L’une des principales difficultés qui se pose à tout artiste soumis au jugement critique est justement de ne pas se laisser enfermer dans une image. Pour des raisons de lisibilité à l’attention des auditeurs, le monde du rock sacrifie en effet au principe de l’étiquetage, qui classe chaque groupe sous une catégorie précise 517 , ce qui permet à l’acheteur de se retrouver dans les rayons des disquaires et au lecteur de la presse spécialisé (qui fait des séparations similaires au sein de ses chroniques) de ne pas perdre son temps à lire des critiques de R&B (variante commerciale du rap-funk cool) s’il est amateur de hardcore (rock aux sonorités agressives).

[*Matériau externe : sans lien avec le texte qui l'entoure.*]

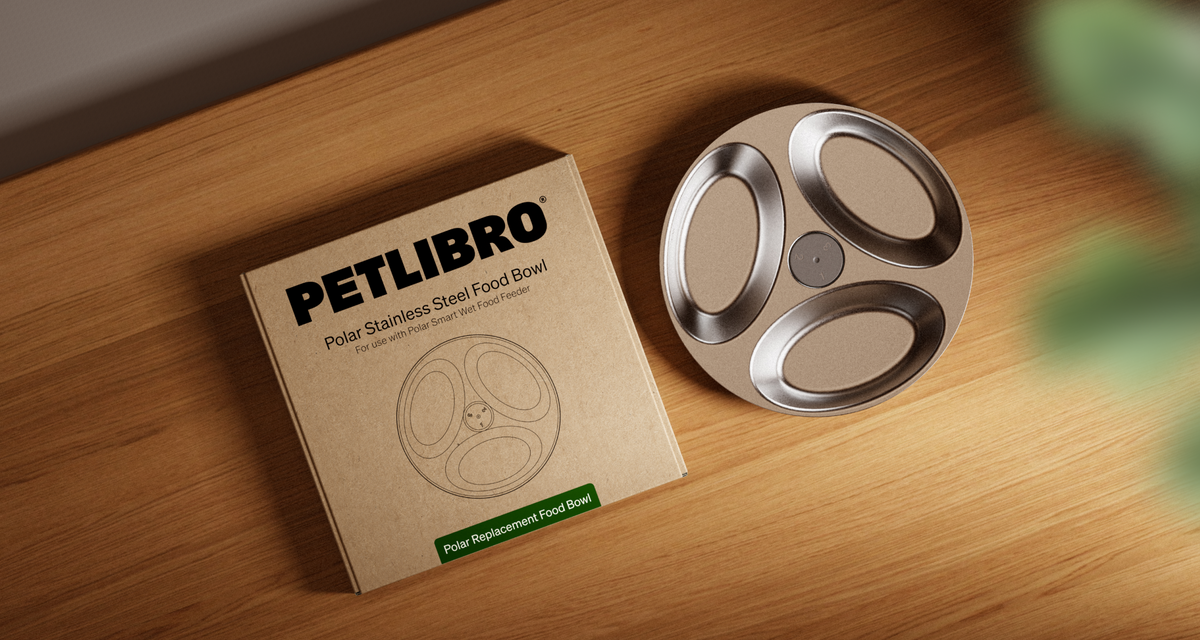 Petlibro PETLIBRO Edelstahl-Futterschale für Katze/Haustier, Zubehör für Brunnen, Katzentoilette und automatischer Futterspender auf Holz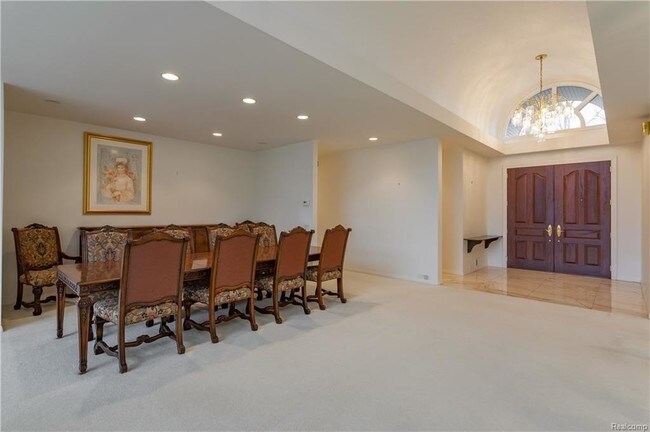 Building Photo - 3349 S Shore Cir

Les limites de cette situation se posent lorsqu’un groupe veut changer de positionnement artistique, changer de style musical : comment toucher alors un public autre que le sien et qui a peu de chances, en raison de ces étiquettes, de prêter attention aux efforts fournis pour lui plaire ?

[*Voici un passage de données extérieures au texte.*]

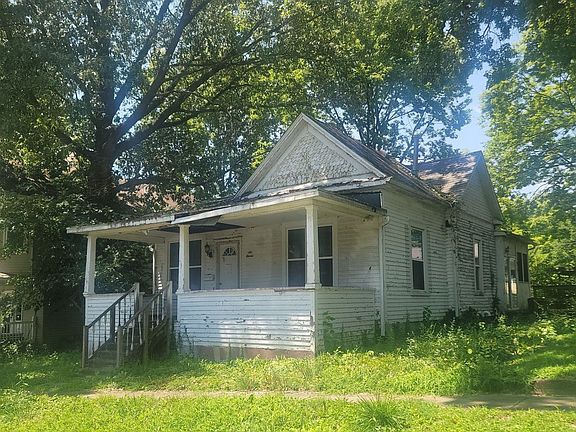 2nd image of 611 N Locust St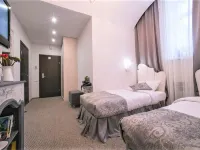 ジュコフ・オテリ オムスクのホテル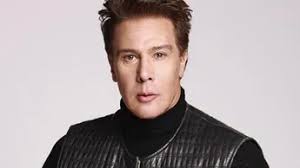 Fernando Allende reaparece en instalaciones de Televisa | VIDEO- Grupo  Milenio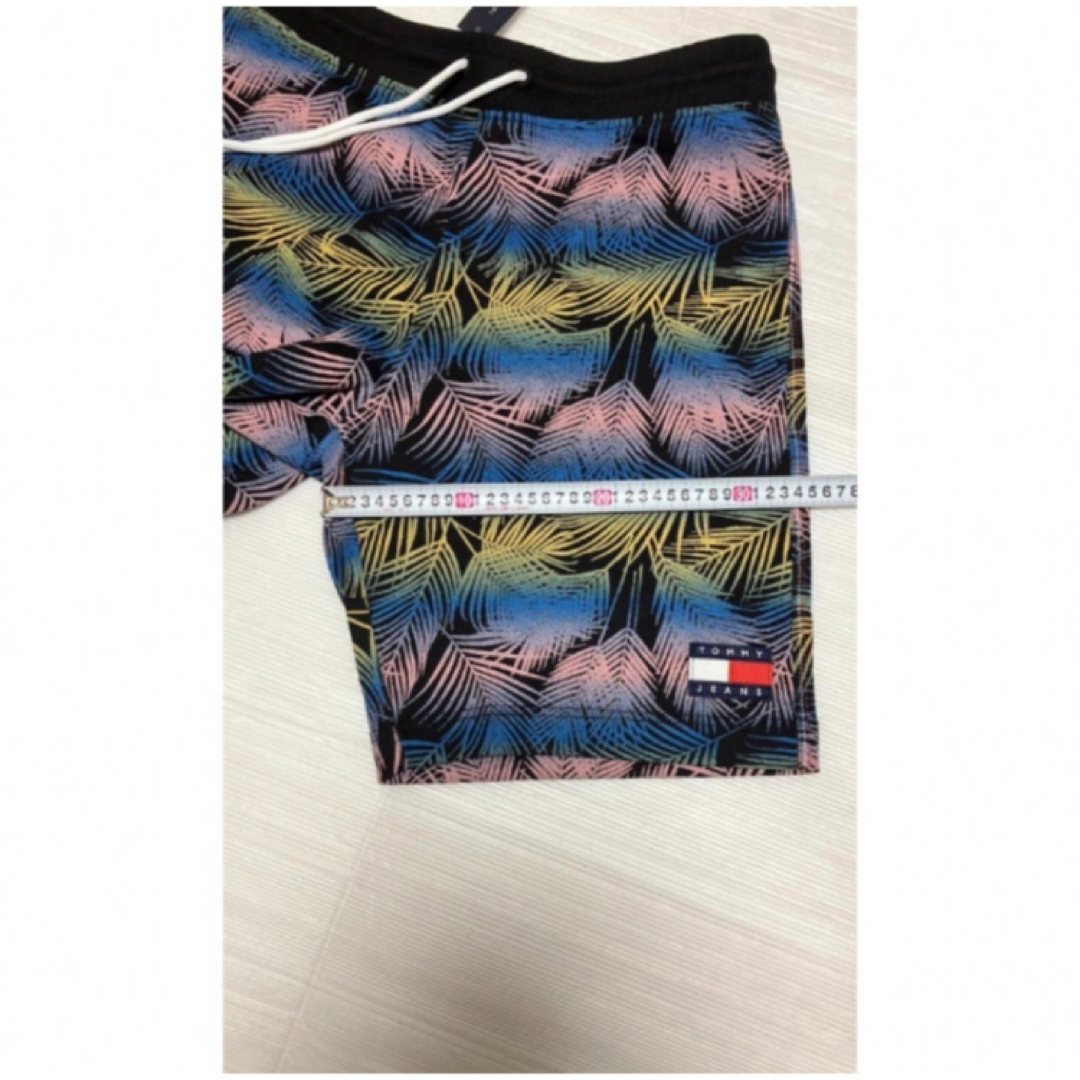 TOMMY HILFIGER(トミーヒルフィガー)の送料無料 新品 TOMMY HILFIGER メンズ ショートパンツ XL メンズのパンツ(ショートパンツ)の商品写真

Lors d’un entretien accordé aux Inrockuptibles, jusqu’ici peu réceptifs à la musique fusion funk-rap-rock de son groupe Red Hot Chili Peppers, Anthony Kiedis révèle une image calme rompant avec celle qui est habituellement colportée de lui, révélant des goûts musicaux inattendus 518 . Même si l’accusation de campagne marketing visant un public supplémentaire n’est pas à écarter, le journaliste prend le pari de croire qu’il est ‘«’ ‘ l'heure de corriger quelques préjugés à la peau dure ’ ‘»’, et de rendre présentable à ses lecteurs un groupe non-étiqueté « Inrockuptibles ». L’entretien laisse ainsi entendre que cette image de durs est surtout vécue comme une fatalité par les membres du groupe 519 , parce qu’il cantonne l’artiste dans le rôle qu’il s’est donné avec ses premières œuvres, et dont il sait qu’il aura les plus grandes difficultés à en sortir.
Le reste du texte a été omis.